» **DIRECTIONS**
Only the lines from the one that contains "Two-pocket anorak jacket" to the last line below, both included, should be transcribed. Pictures stay out of the copy.

» **AVAILABLE DATA**
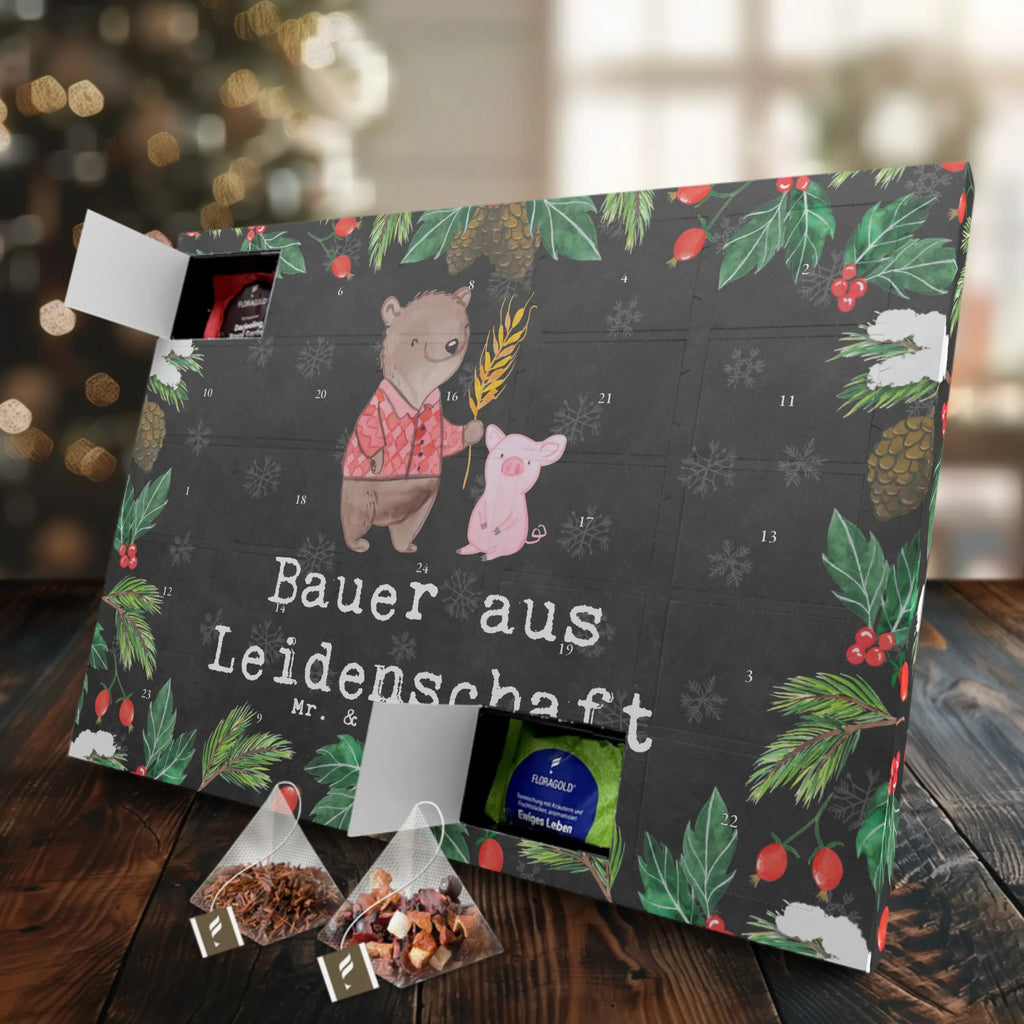 Tee Adventskalender Bauer Leidenschaft Adventskalender mit Tee, Adventskalender, Tee Adventskalender, Geschenk, Schenken, Jubiläum, Danke, Dankeschön, Beruf, Ausbildung, Abschied, Rente, Kollege, Kollegin, Arbeitskollege, Mitarbeiter, Firma, Farmer, Agronom, Landwirt; Bauer, Bauernhof, Tierwirt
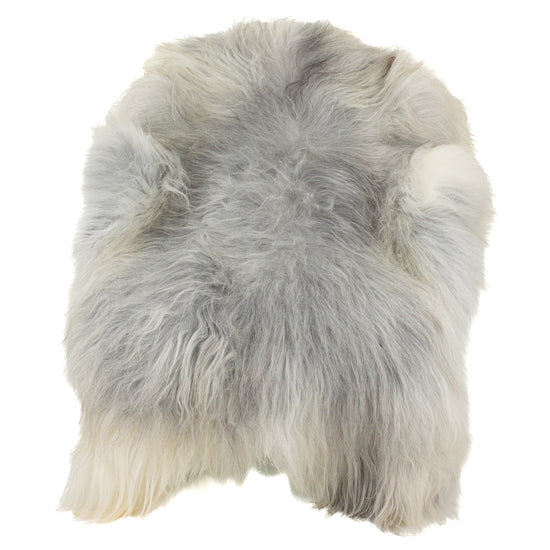 Large Wide Coarse Wool Gray White Icelandic Sheepskin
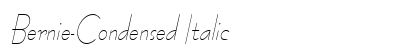 Bernie-Condensed Italic Preview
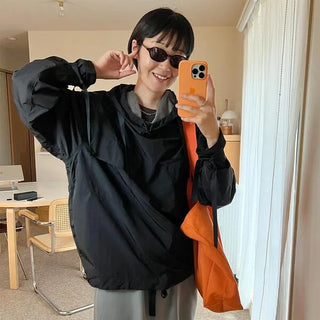 Two-pocket anorak jacket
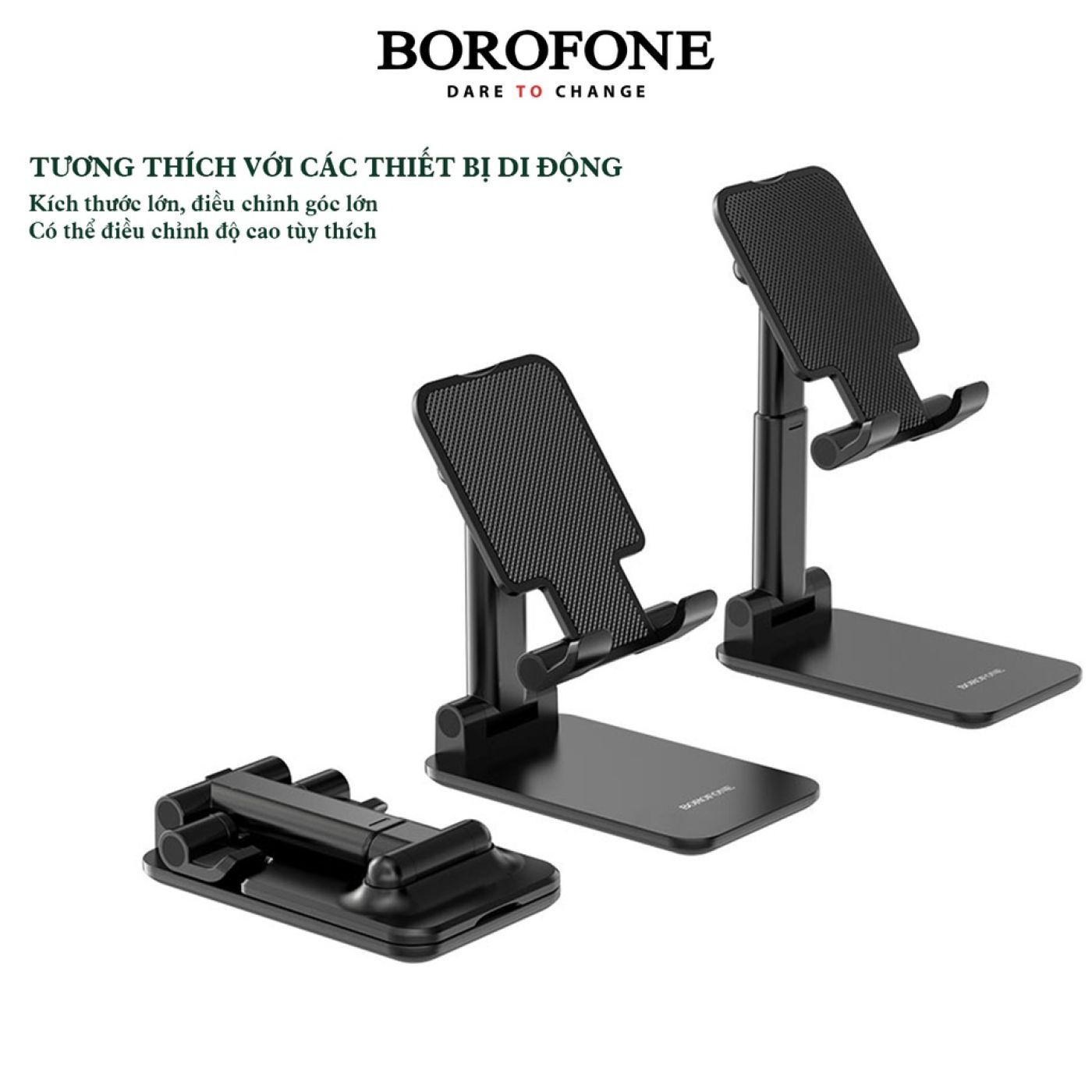 Giá đỡ điện thoại đa năng BOROFONE BH42 tiện dụng, có thể gấp gọn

» **EXPECTED ANSWER**
 Two-pocket anorak jacket
 Giá đỡ điện thoại đa năng BOROFONE BH42 tiện dụng, có thể gấp gọn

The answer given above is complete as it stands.